I’ve added an GeForce GTX 1080 Ti into my machine (Running Ubuntu 18.04 and Anaconda with Python 3.7) to utilize the GPU when using PyTorch. Both cards a correctly identified:
$ lspci | grep VGA
03:00.0 VGA compatible controller: NVIDIA Corporation GF119 [NVS 310] (reva1)
04:00.0 VGA compatible controller: NVIDIA Corporation GP102 [GeForce GTX 1080 Ti] (rev a1)
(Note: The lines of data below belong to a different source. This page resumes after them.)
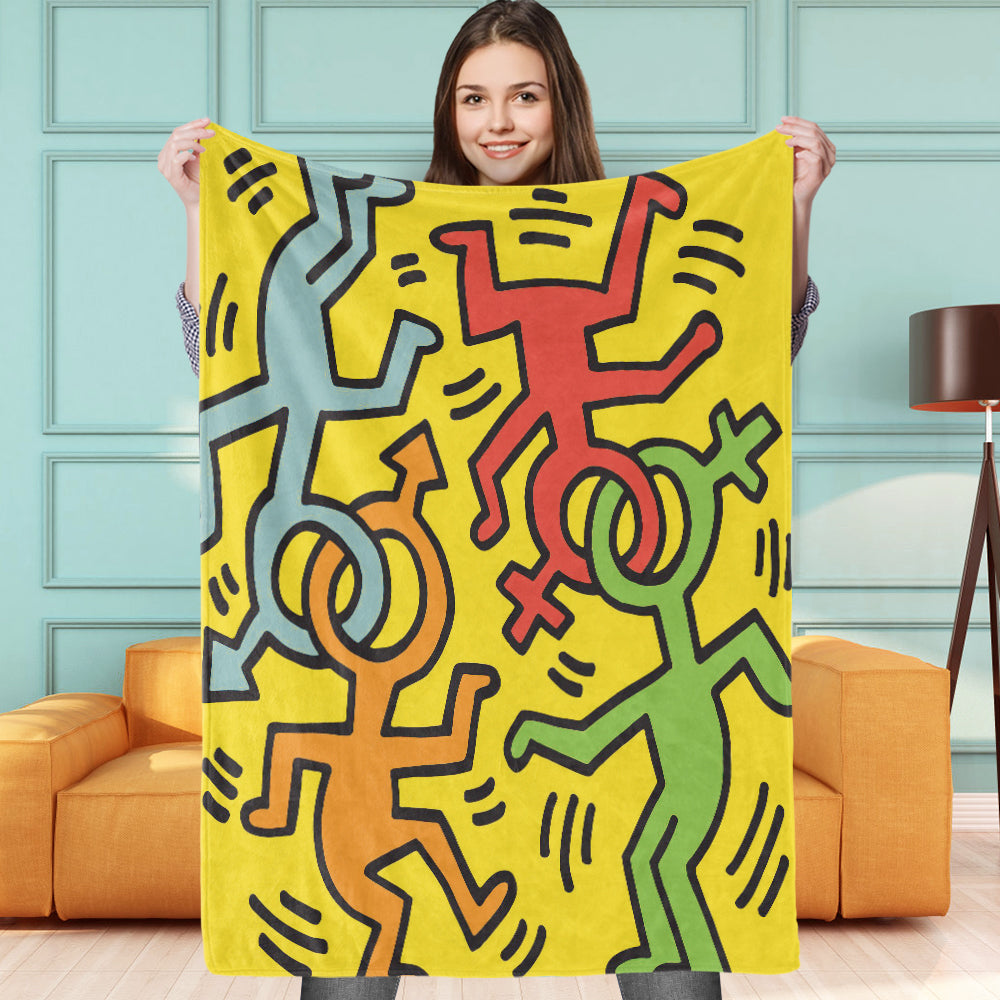 Personalized Keith Haring Blanket Gender Symbol
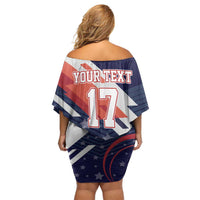 Custom United States American Football Family Matching Off Shoulder Short Dress and Hawaiian Shirt USA Go Champions Sporty Style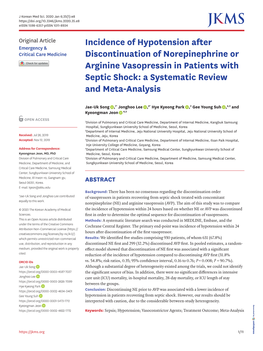 Incidence of Hypotension After Discontinuation of Norepinephrine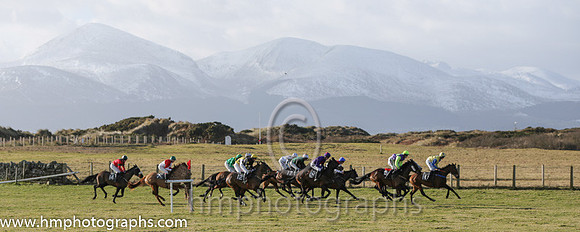 Point to Point at Tyrella in the shadow of the snow covered Mourne Mountains
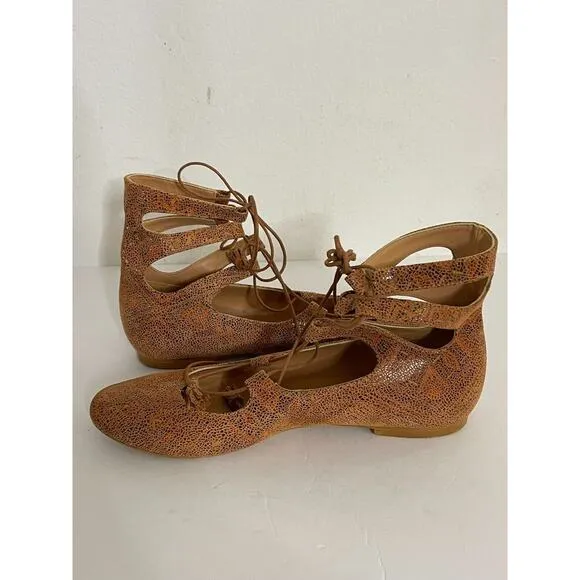 Sundance Flats 40 / 9 - 9.5 Tasha Round Toe Leather Gladiator Shoes Boho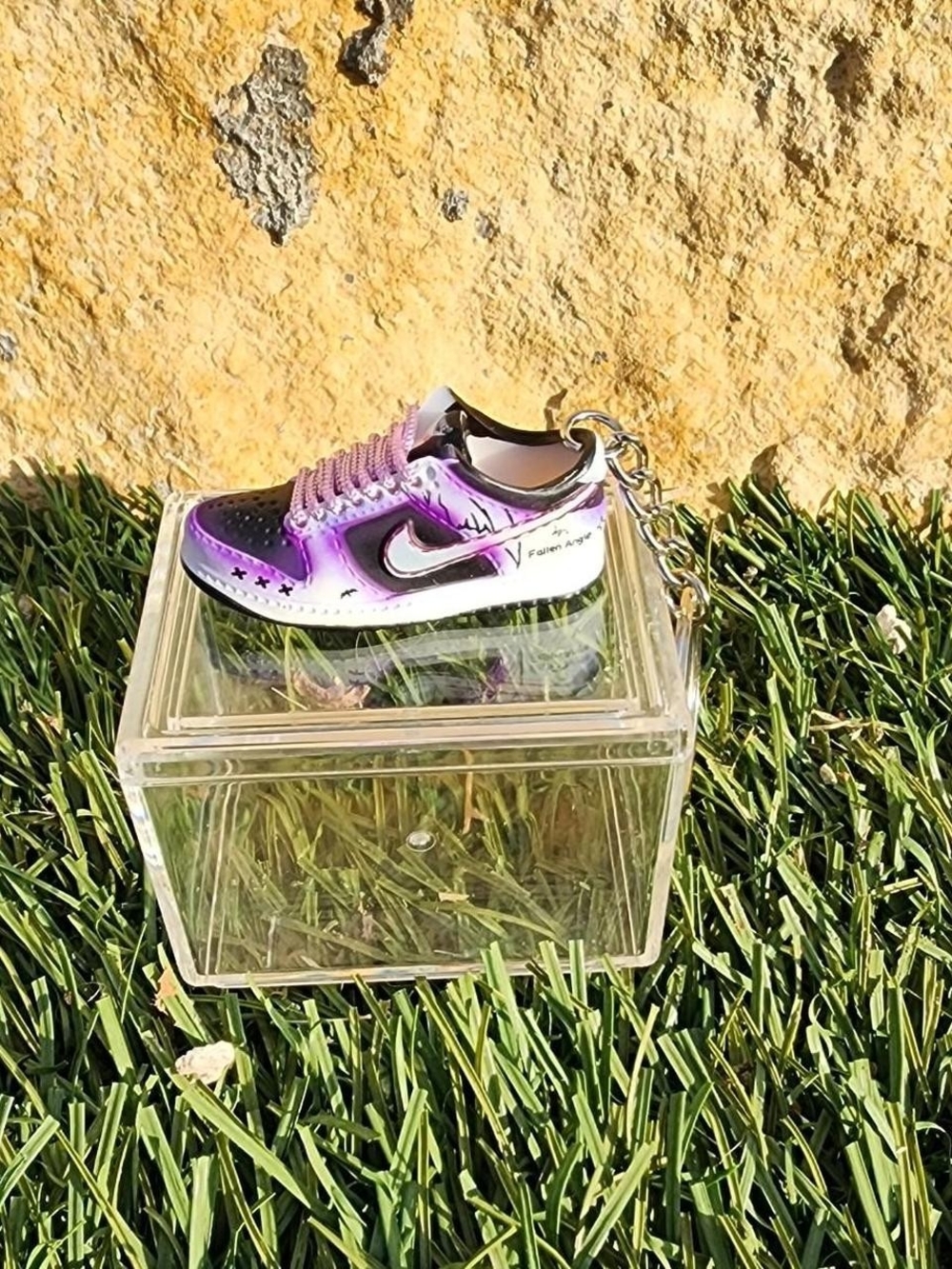 Nike Purple Ombre Mini Sneaker Keychain with Black Swoosh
The NVS 310 handles my 2-monitor setup, I only want to utilize the 1080 for PyTorch. I also installed the latest NVIDIA drivers that are currently in the repository and that seems to be fine:
$ nvidia-smi
Sat Jan 19 12:42:18 2019
+-----------------------------------------------------------------------------+
| NVIDIA-SMI 390.87 Driver Version: 390.87 |
|-------------------------------+----------------------+----------------------+
| GPU Name Persistence-M| Bus-Id Disp.A | Volatile Uncorr. ECC |
| Fan Temp Perf Pwr:Usage/Cap| Memory-Usage | GPU-Util Compute M. |
|===============================+======================+======================|
| 0 NVS 310 Off | 00000000:03:00.0 N/A | N/A |
| 30% 60C P0 N/A / N/A | 461MiB / 963MiB | N/A Default |
+-------------------------------+----------------------+----------------------+
| 1 GeForce GTX 108... Off | 00000000:04:00.0 Off | N/A |
| 0% 41C P8 10W / 250W | 2MiB / 11178MiB | 0% Default |
+-------------------------------+----------------------+----------------------+
+-----------------------------------------------------------------------------+
| Processes: GPU Memory |
| GPU PID Type Process name Usage |
|=============================================================================|
| 0 Not Supported |
+-----------------------------------------------------------------------------+
Driver version 390.xx allows to run CUDA 9.1 (9.1.85) according the the NVIDIA docs. Since this is also the version in the Ubuntu repositories, I simple installed the CUDA Toolkit with:
$ sudo apt-get-installed nvidia-cuda-toolkit
And again, this seems be alright:
$ nvcc --version
nvcc: NVIDIA (R) Cuda compiler driver
Copyright (c) 2005-2017 NVIDIA Corporation
Built on Fri_Nov__3_21:07:56_CDT_2017
Cuda compilation tools, release 9.1, V9.1.85
and
$ apt-cache policy nvidia-cuda-toolkit
nvidia-cuda-toolkit:
Installed: 9.1.85-3ubuntu1
Candidate: 9.1.85-3ubuntu1
Version table:
*** 9.1.85-3ubuntu1 500
500 http://sg.archive.ubuntu.com/ubuntu bionic/multiverse amd64 Packages
100 /var/lib/dpkg/status
Lastly, I’ve installed PyTorch from scratch with conda
conda install pytorch torchvision -c pytorch
Also error as far as I can tell:
$ conda list
...
pytorch 1.0.0 py3.7_cuda9.0.176_cudnn7.4.1_1 pytorch
...
However, PyTorch doesn’t seem to find CUDA:
$ python -c 'import torch; print(torch.cuda.is_available())'
False
In more detail, if I force PyTorch to convert a tensor x
to CUDA with x.cuda()
I get the error:
Found no NVIDIA driver on your system. Please check that you have an NVIDIA GPU and installed a driver from 82 http://...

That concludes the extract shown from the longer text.